Everything has its time and there were signs that Fr. Tom recognised that. When he was brought to hospital for the last time he told those closest to him that he was on a yellow card. His loyal fellow shepherd Fr. MacEntee continued to be mother and father to him. He will find it strange for some time to come, living without his shadow. His patience and level of tolerance were outstanding and the brotherly care which he gave Fr. Tom was a model to the rest of us and a marvel to his family who themselves were unstinting in their care of him. When Fr.
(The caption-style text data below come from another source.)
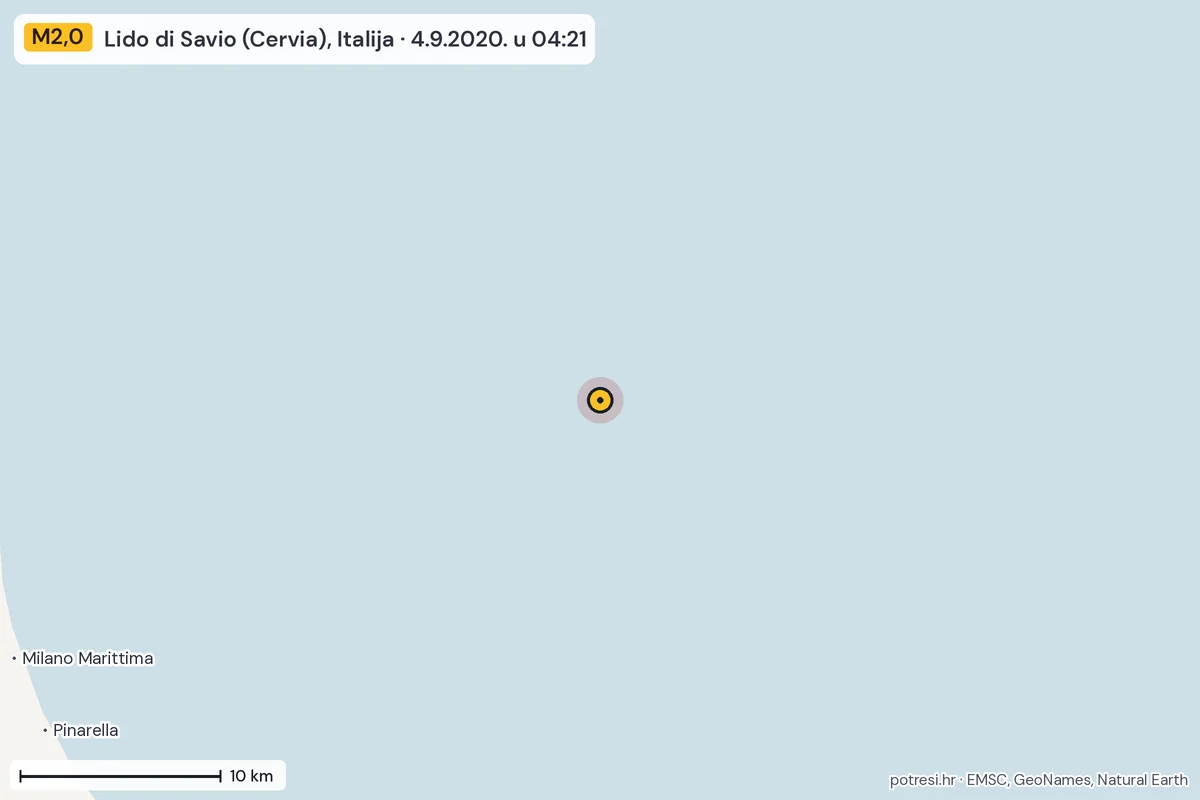 Karta: okolica epicentra, 60 km, potres M2,0, Lido di Savio (Cervia), Italija, 4.9.2020.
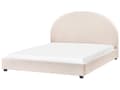 Miniatyrbilde 1 av 11: Seng Lysebeige Polyesterstoff 160 x 200 cm Halvrund sengegavl Minimalistisk og retro stil Soverom Dobbeltseng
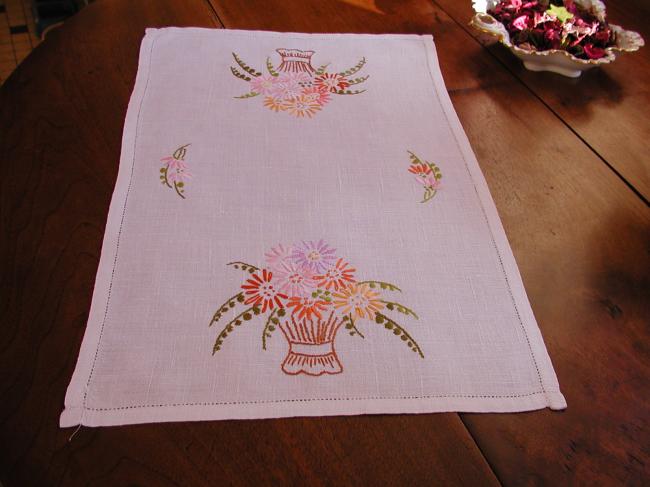 Very sweet tray cloth with embroidered baskets of flowers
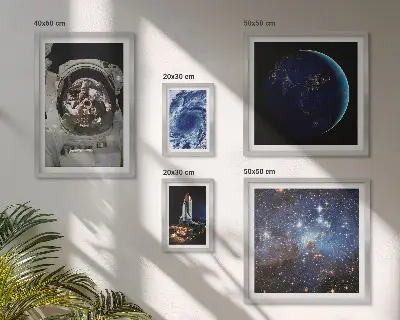 Wanddecoratie compositie Ruimteontdekkingen van astronauten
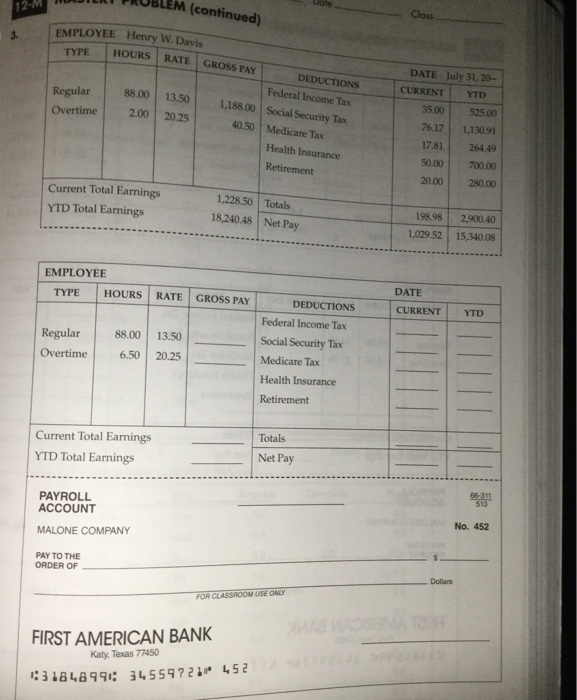 Mastery Problem Preparing A Semimonthly Payroll Lo3 Chegg 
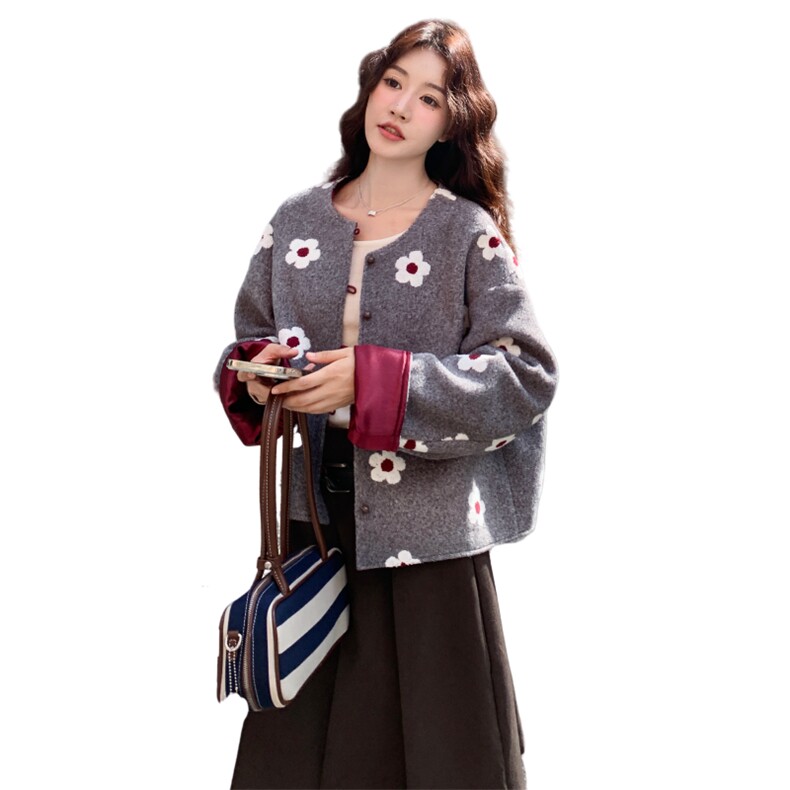 韩系短款毛呢外套女冬季2025新款设计感碎花减龄休闲显瘦呢子上衣,女装毛呢外套,2C177
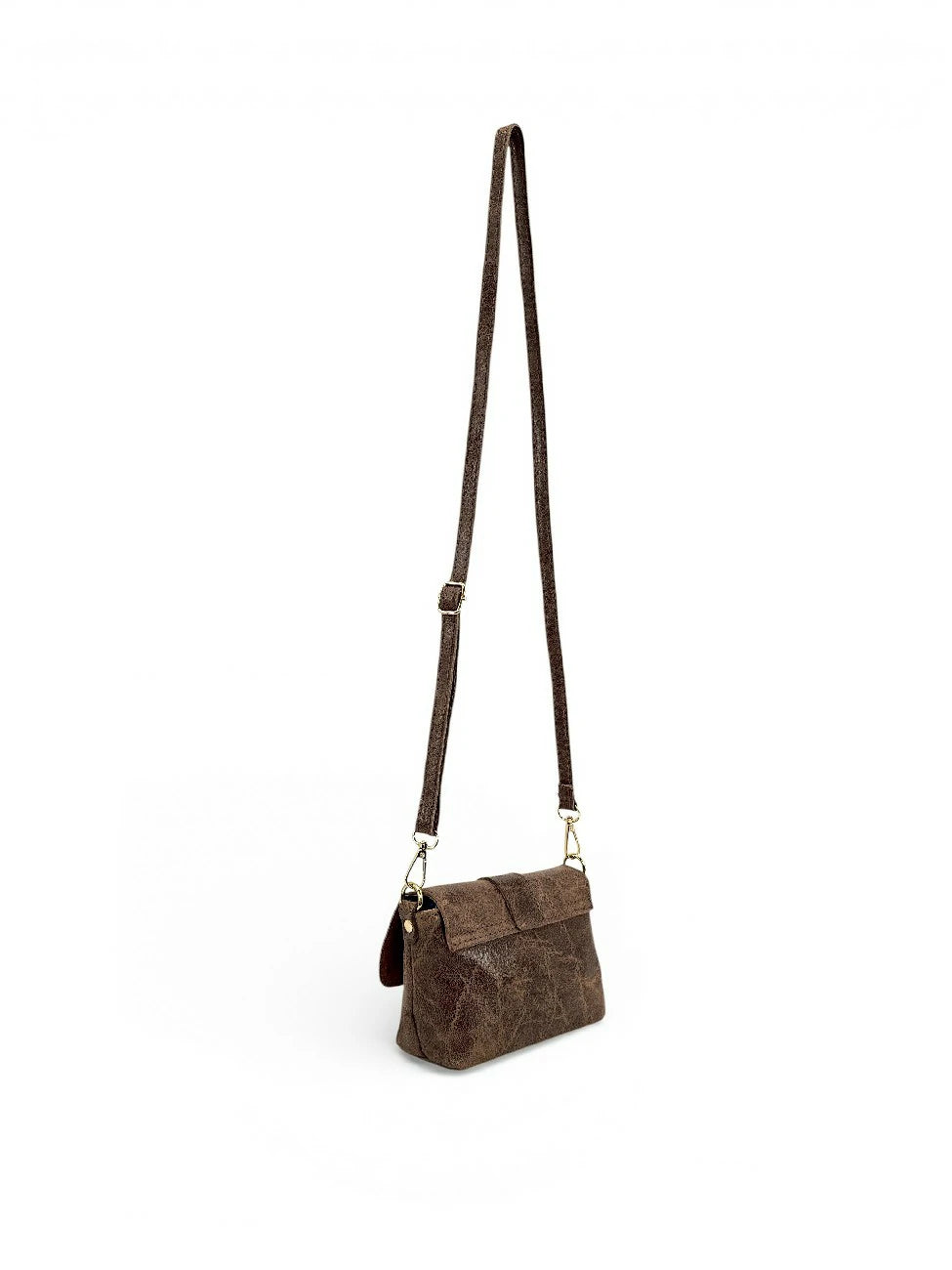 BERLINGOT mocha brushed leather micro bag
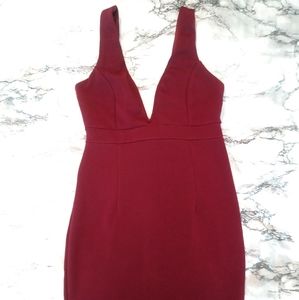 🚨NWT Burgundy Deep V Mini Dress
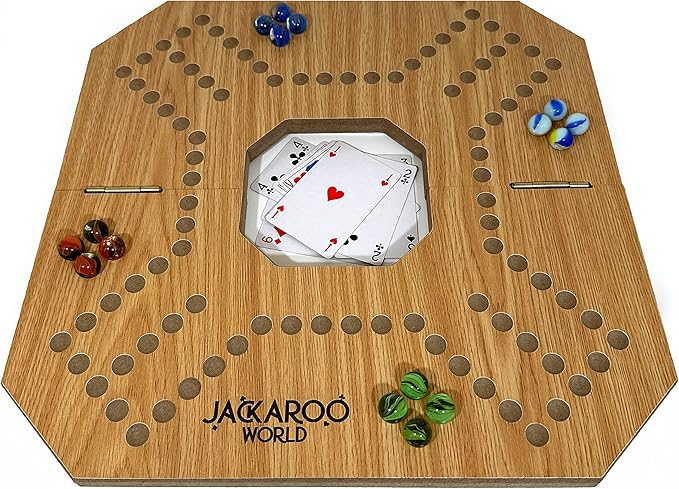 Jackaroo Board Game 2-4 Player Marble Strategy Game Solid Wooden Game with 16 Glass Marbles and 52 Cards Marbles and Jokers Board Game Marble Chase Game Foldable Board with Carry Bag (Oak)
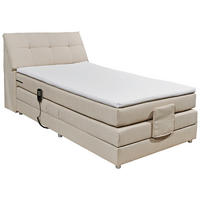 BOXSPRINGBETT 120/200 cm,  in Creme, Matratze, Bettkasten, Topper, motorische Verstellbarkeit, H2 = mittel  - Silberfarben/Creme, Design, Kunststoff/Textil (120/200cm) - Esposa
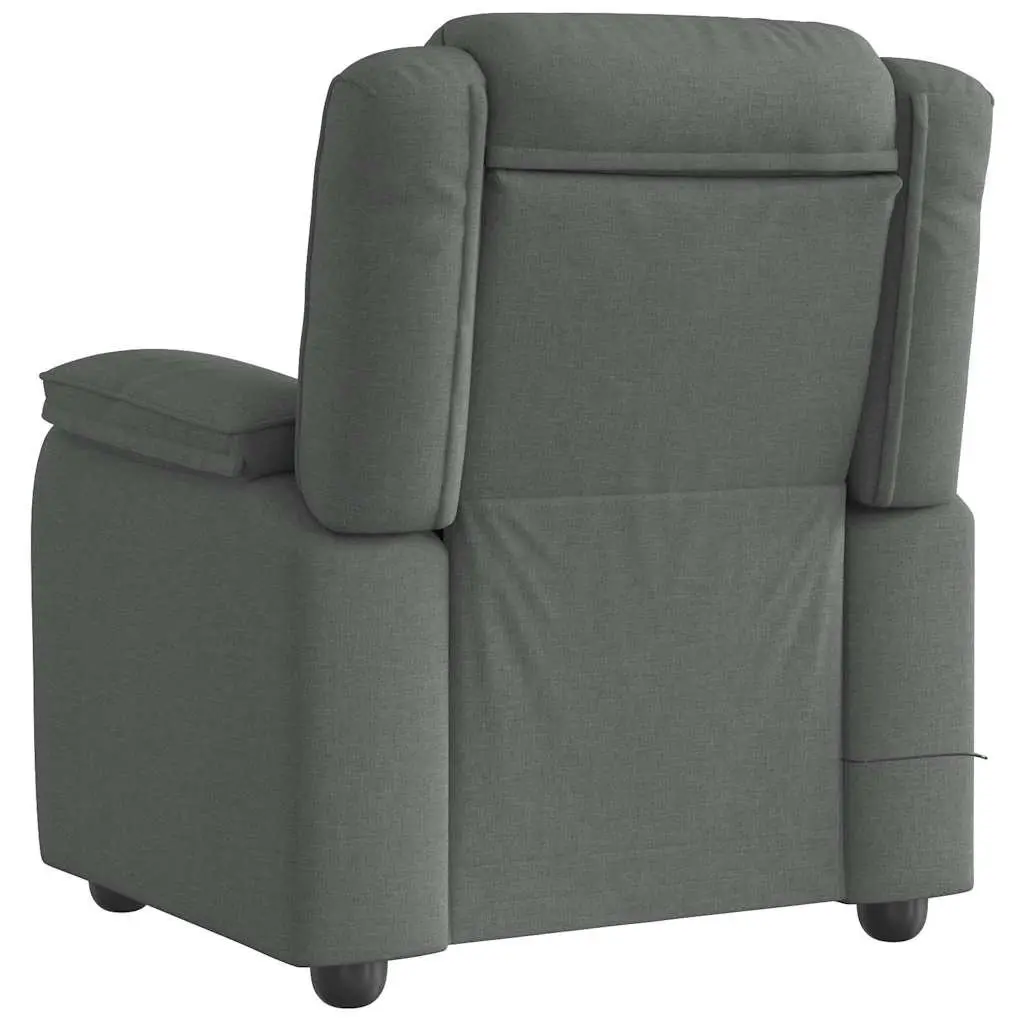 Massage Recliner Chair Living Room Grey Fabric Manual Recline Vibration Armchair
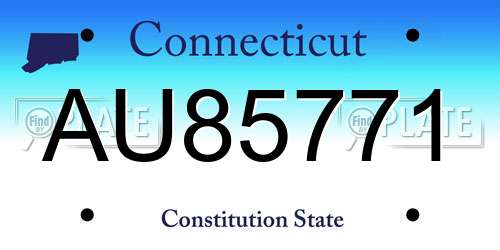 AU85771 Connecticut License Plate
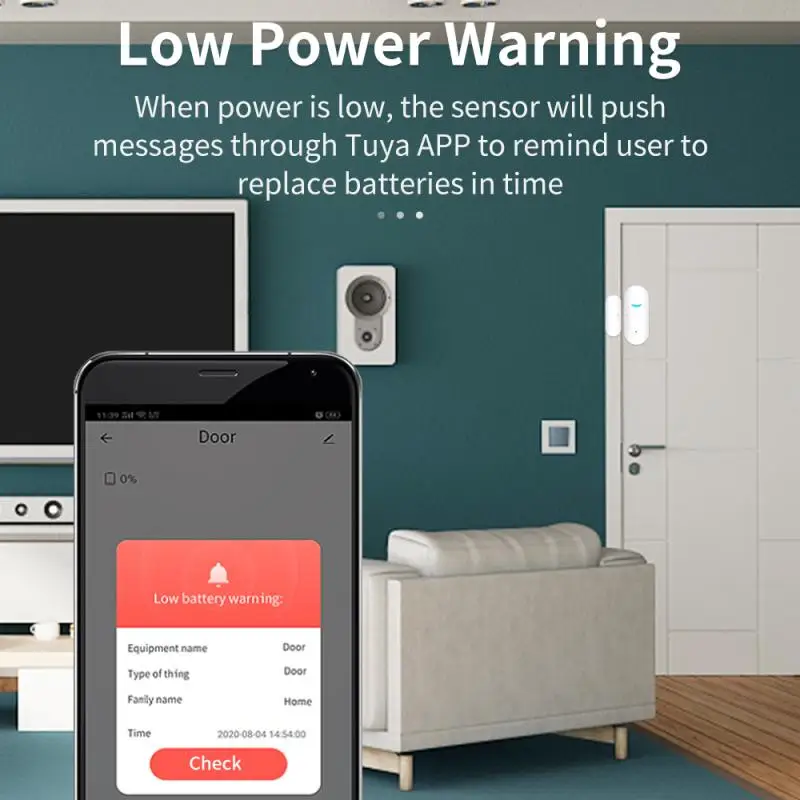 Tuya Smart WiFi Door Window Sensor Safe Monitoring Remote Detectors Alarms System Voice Control Works With Alexa Google Home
Breen went into hospital the sale of petrol and diesel plummeted in Dromore and now that he has departed this life the number of discarded taxi licences in Dromore will be difficult to count.

 

By any standards he was an extraordinary ordinary man who, armed with a smile and a gentle handshake, left an indelible mark on the soil he tilled. In the words of the book of wisdom “at dawn and with all his heart, he prays to the Lord who made him.” In the words of the letter to the Hebrews “He can sympathise with those who are ignorant or uncertain because he too lives in the limitations of weakness.” In the words of John’s Gospel “I am the good shepherd. The good shepherd lays down his life for the sheep.” I will leave the last word to Fr. Tom’s nephew who said to me “he may be gone but he will continue to live in the hearts of those who love him.”